You aren't able to tell from what you pasted, are you?
The answer is "There's a difference, perhaps", but the GP appeared to imply that LoRA performed worse.
My understanding is that that paper found differences, but did not conclude that the differences were quantifiably better or worse, but this is not what GP's post implied.
There are techniques like PiCa and SVFT which can mitigate much of the loss, though.
I don't recall how I found out about it, but it was either paperswithcode or an LLM research session working through the intruder dimensions problem.
In my Stable Diffusion tests, it substantially improves LoRA training speed and fidelity, though I've got some experiments that seem to even further substantially improve on it by adding learnable rotations of the singular vectors.

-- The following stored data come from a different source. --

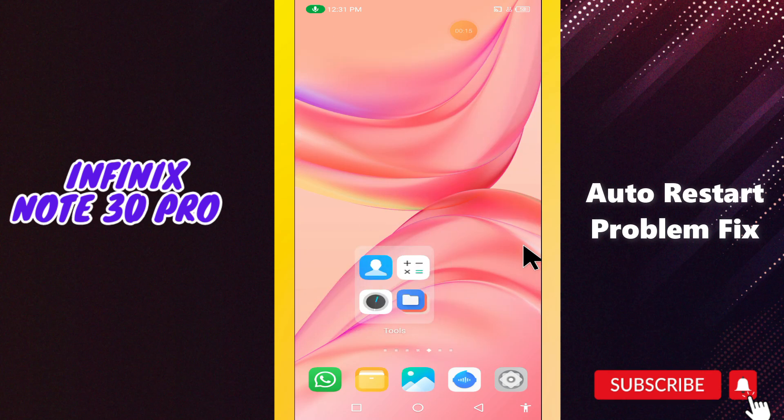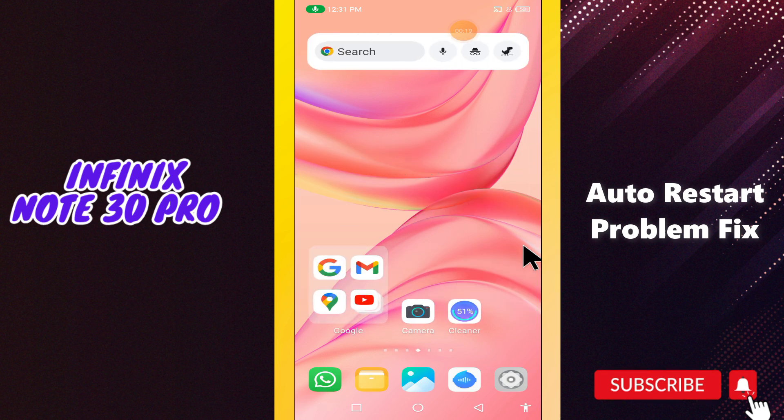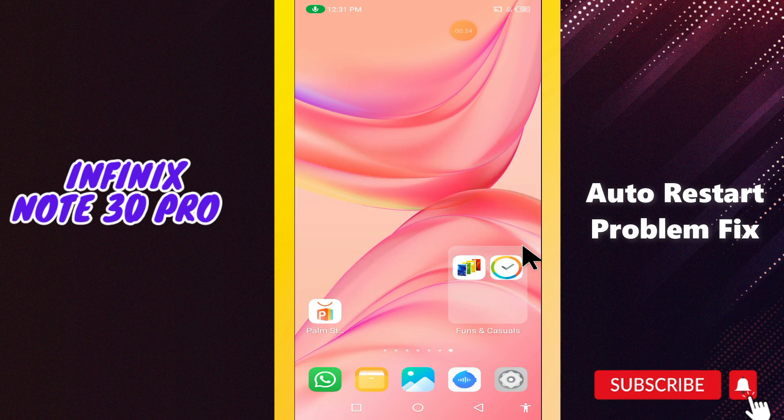What's up guys, hope you are good. Welcome to my YouTube channel. In my today's video, I'll be sharing with you how to fix the auto restart problem in your device, Infinix Note 30 Pro.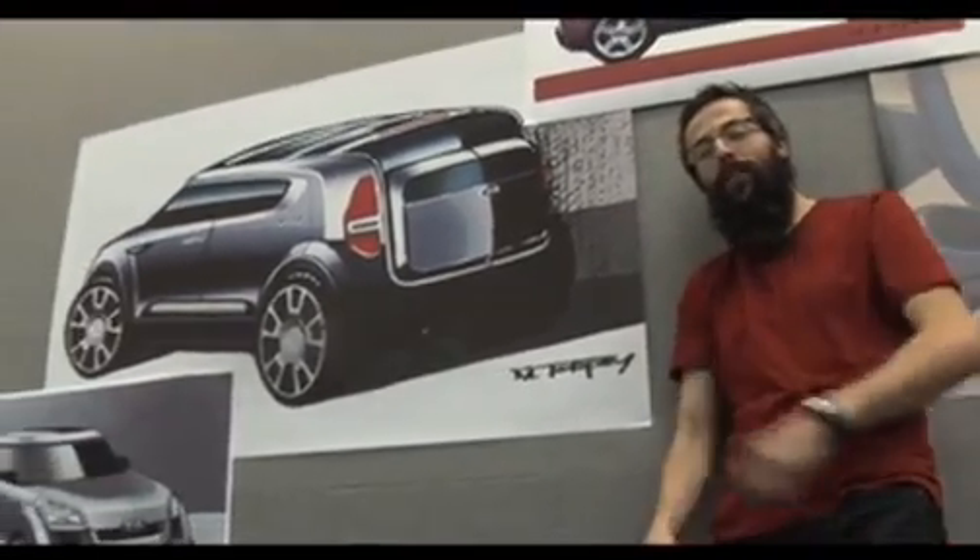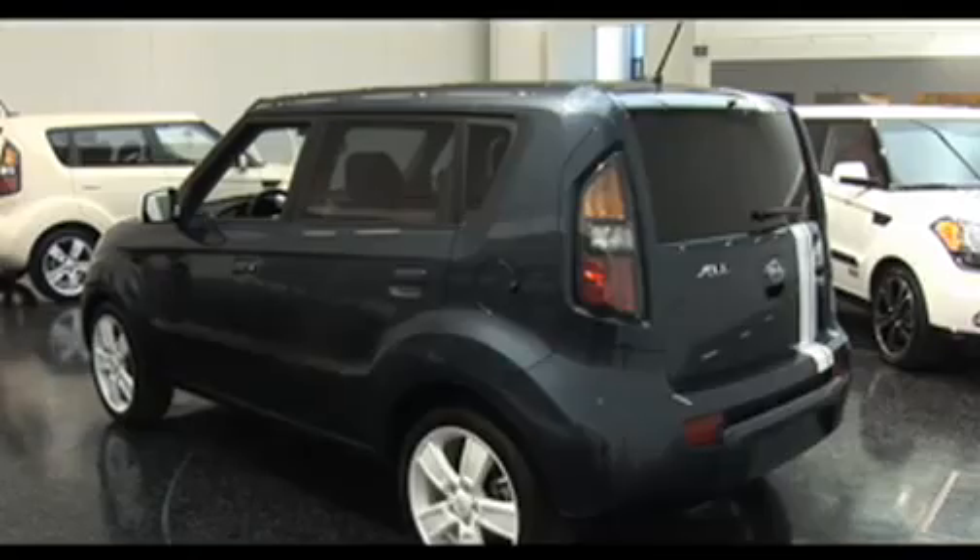It's no secret that we're excited about the Kia Soul, but one of the things that we're most excited about is that the production car is just as cool as the original concept. Check it out. This is the original sketch. Pretty close to the original, don't you think?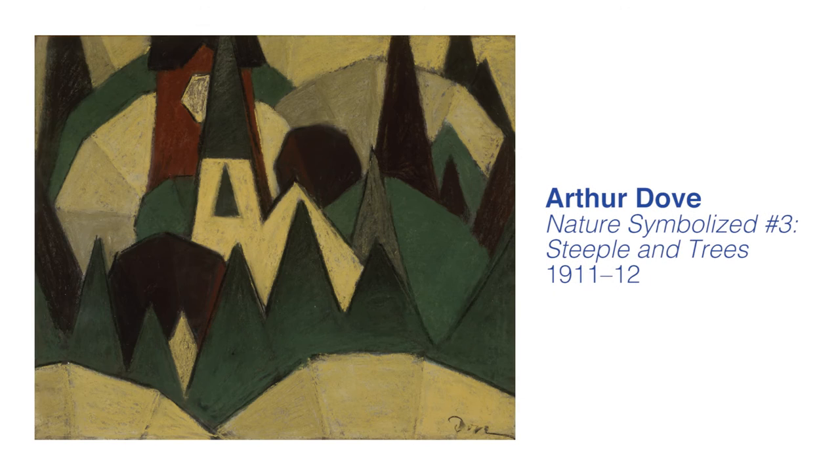Dove is not somebody who as a young man seemed destined to be an artist. His father wanted him to be a lawyer. He began as an illustrator for magazines, work that he wasn't hugely fond of. He traveled to France in the early 20th century and painted impressionist-like pictures, still lives and landscapes there, and he returned to the United States and did more illustration work, but in the 1910s,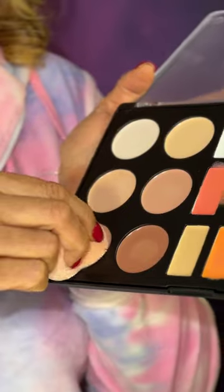It has 12 contouring highlighting shades for all skin tones and 6 colour correcting shades for dark circles, acnes, bruises, tattoo and so on. It is long lasting and provides full coverage to the skin. It is waterproof, creamy and blends very easily.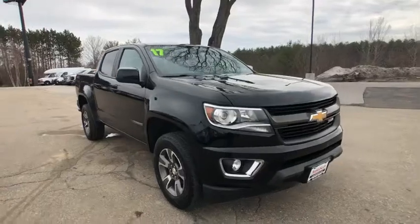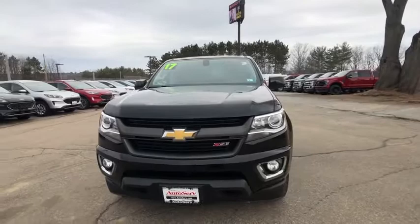Stop by and take a look at the 2017 Chevrolet Colorado. Great hauling capability, powerful, rugged, and a great Chevy price — Colorado is it.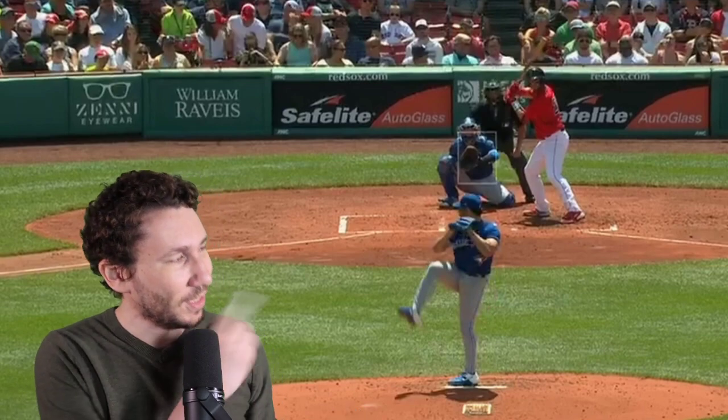Welcome to another Pitcher Video Breakdown. My name is Nick Pollock, founder at PitcherList, and today we're going to talk about Mr. Tightpants himself, Robbie Ray.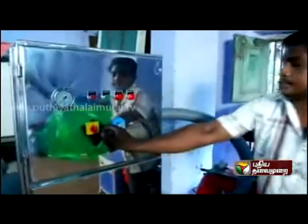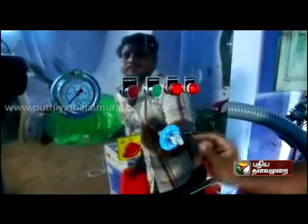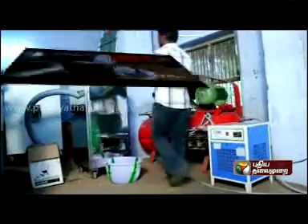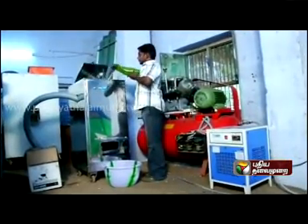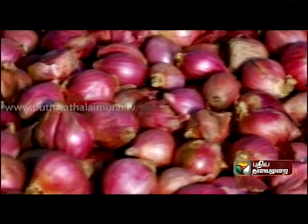These 6 varieties of products can be peeled by this single machine. It is a PLC programmed machine. The advantages of using this machine are less work, hygienic operation, less labor, high productivity, and increased efficiency.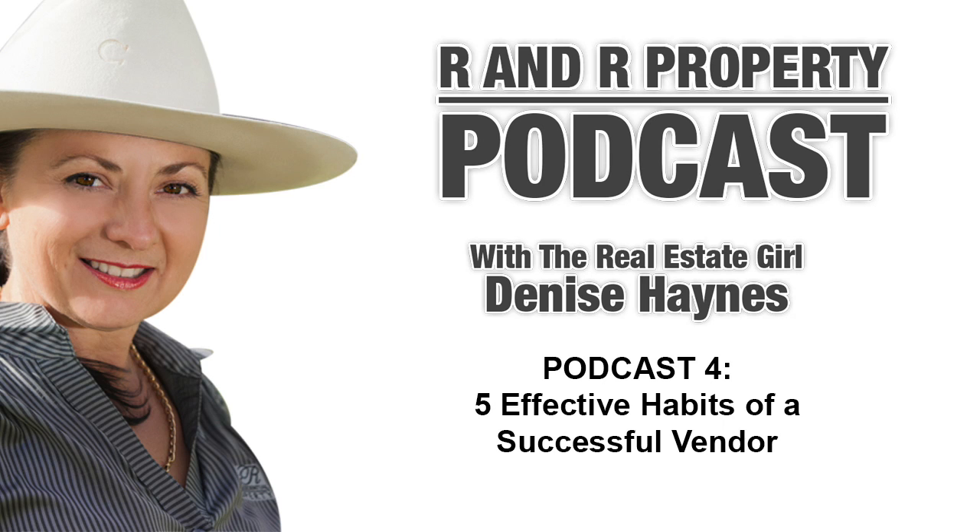Now, get cracking and start packing. Clutter can be a major killer for your home sale. So why not take the opportunity upon listing your property to cull anything you haven't used for a long time, or start packing away decorations and furniture that you don't use on a regular basis. Have a garage sale and make some money. Self-storage is always a good option, or store it in a shed. A clear and uncluttered home is always a pleasure to show — clients can walk through clearly and it gives a more light and spacious feel, making the home seem even larger.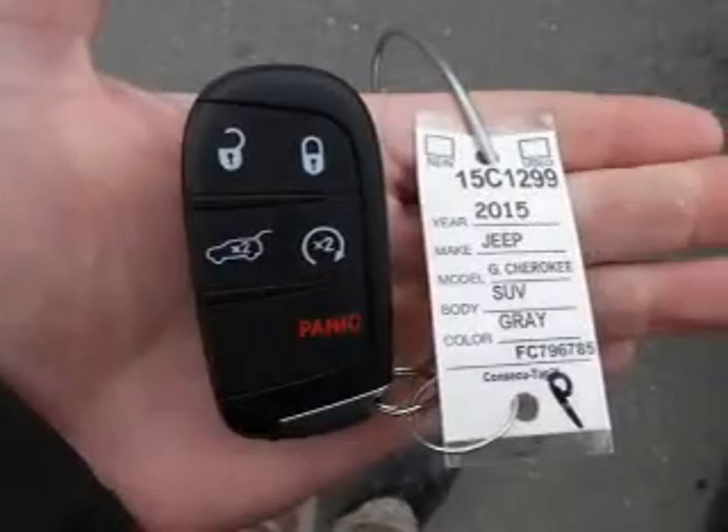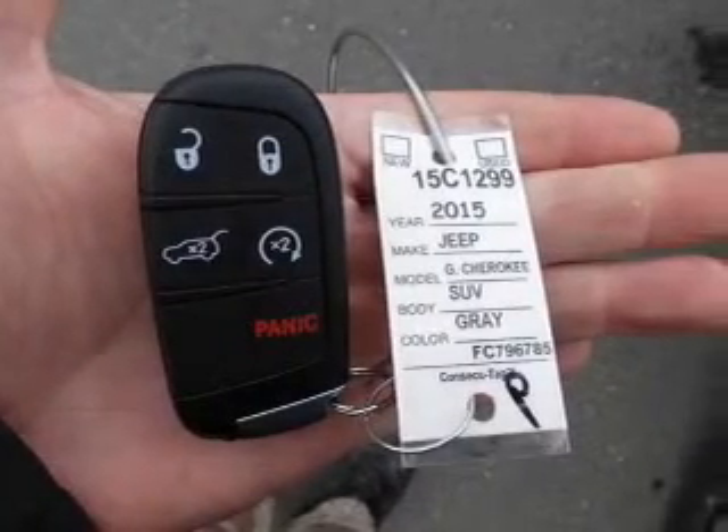Inside you'll find Bluetooth connectivity, an auxiliary input, steering wheel controls, push-button start, automatic climate control, curtain head airbags, front airbags, side airbags, child safety locks, and iPod integration.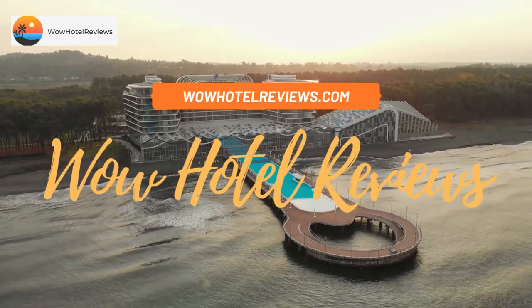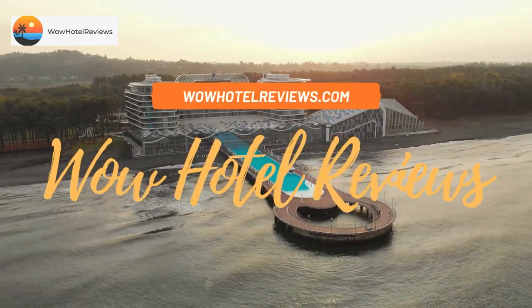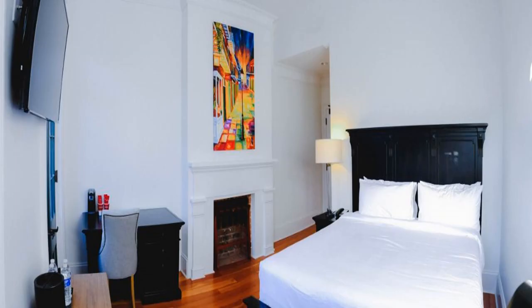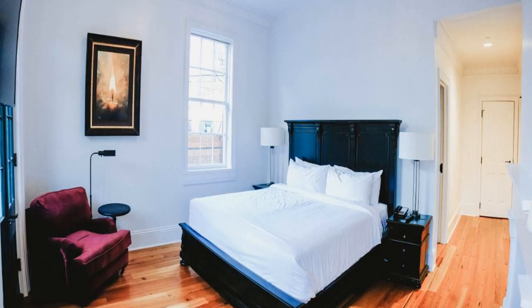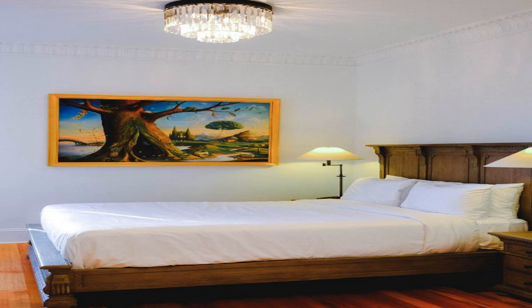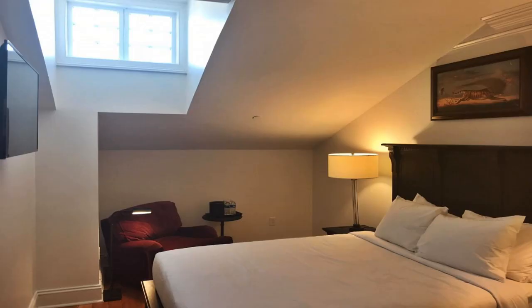Hello guys, welcome to Wow Hotel Reviews. Today I am reviewing Royal Frenchman Hotel and Bar — it's a four-star hotel. Please use our Booking.com link in the description to book the hotel and get special pricing. Some of the most popular facilities are free Wi-Fi, pet-friendly rooms, non-smoking rooms, facilities for disabled guests, 24-hour front desk, daily housekeeping, and a tea/coffee maker in all rooms.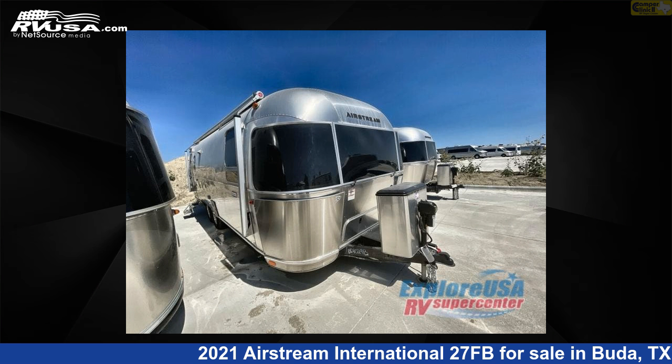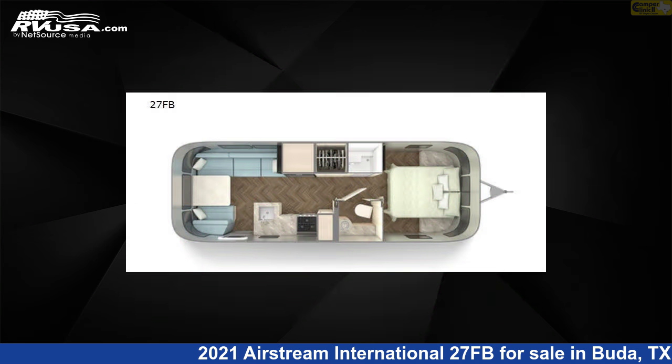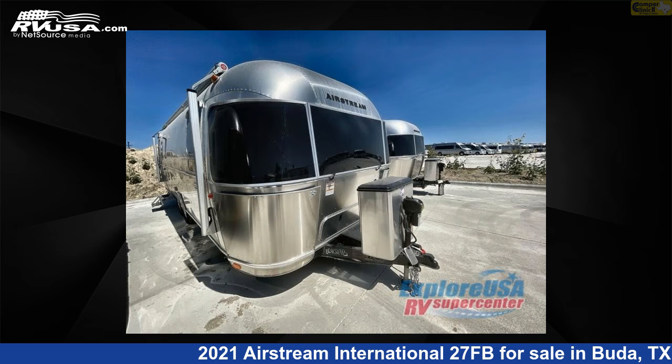This 2021 Airstream International 27FB is a travel trailer RV. It is located in Buda, Texas 78610 and is offered for sale by Camper Clinic 2.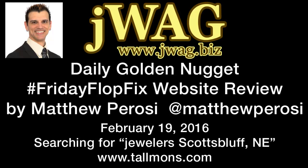Hello and welcome to the Daily Golden Nugget Friday Flock Fix website review. My name is Matthew Parosi. I'm the founder of JWAG, that's the Jeweler Website Advisory Group. Today I'm going to be doing a website review on a random jeweler that I have selected in Scotts Bluff, Nebraska.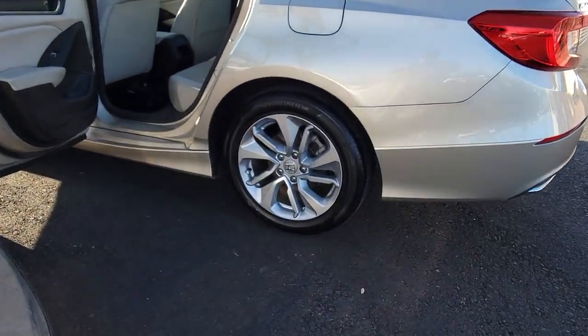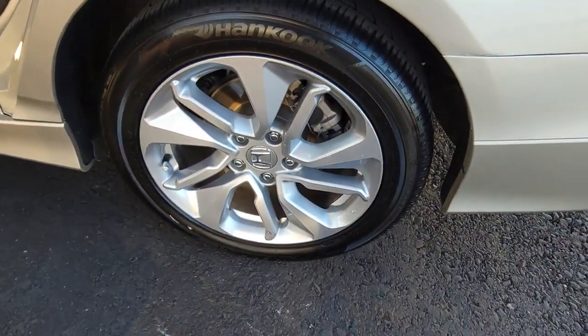It's time you treated yourself to the best. This Honda Accord is waiting. Come in and drive it today.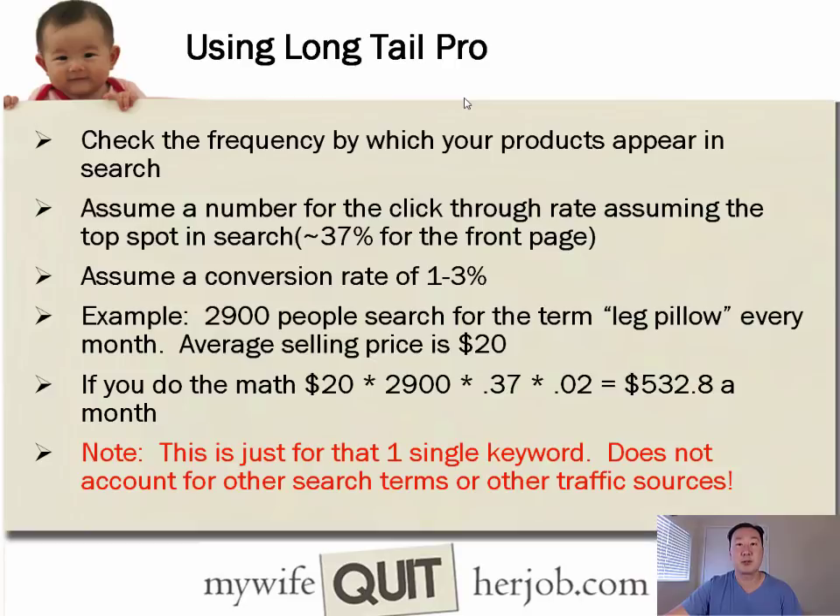Once you have data from Longtail Pro, it's time to do analysis. We have 2,900 searches per month. Assume a 37% click-through rate for the top search result, and an average online store conversion rate of 2%. So: $20 average selling price × 2,900 searches × 0.37 × 0.02 = $532 per month in potential revenue off just that one keyword — not accounting for other search terms or traffic sources.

Be sure to validate everything you're reading though as of late I've come across more and more things that don't seem 100% accurate in their docs, seems to heavily depend on what section.
For example, for classification, if is hallucinating semantically similar, but not technically valid classes, you can probably fine-tune your way out of the gap with a smaller model.
But if your task requires world knowledge, you likely need a larger model. It's not cheap, efficient, or generally useful to fine-tune for additional world knowledge directly.
Stumbled on this today... https://hackerpager.net/
I really want something like this with flip out keyboard and could do Signal on LTE/WiFi.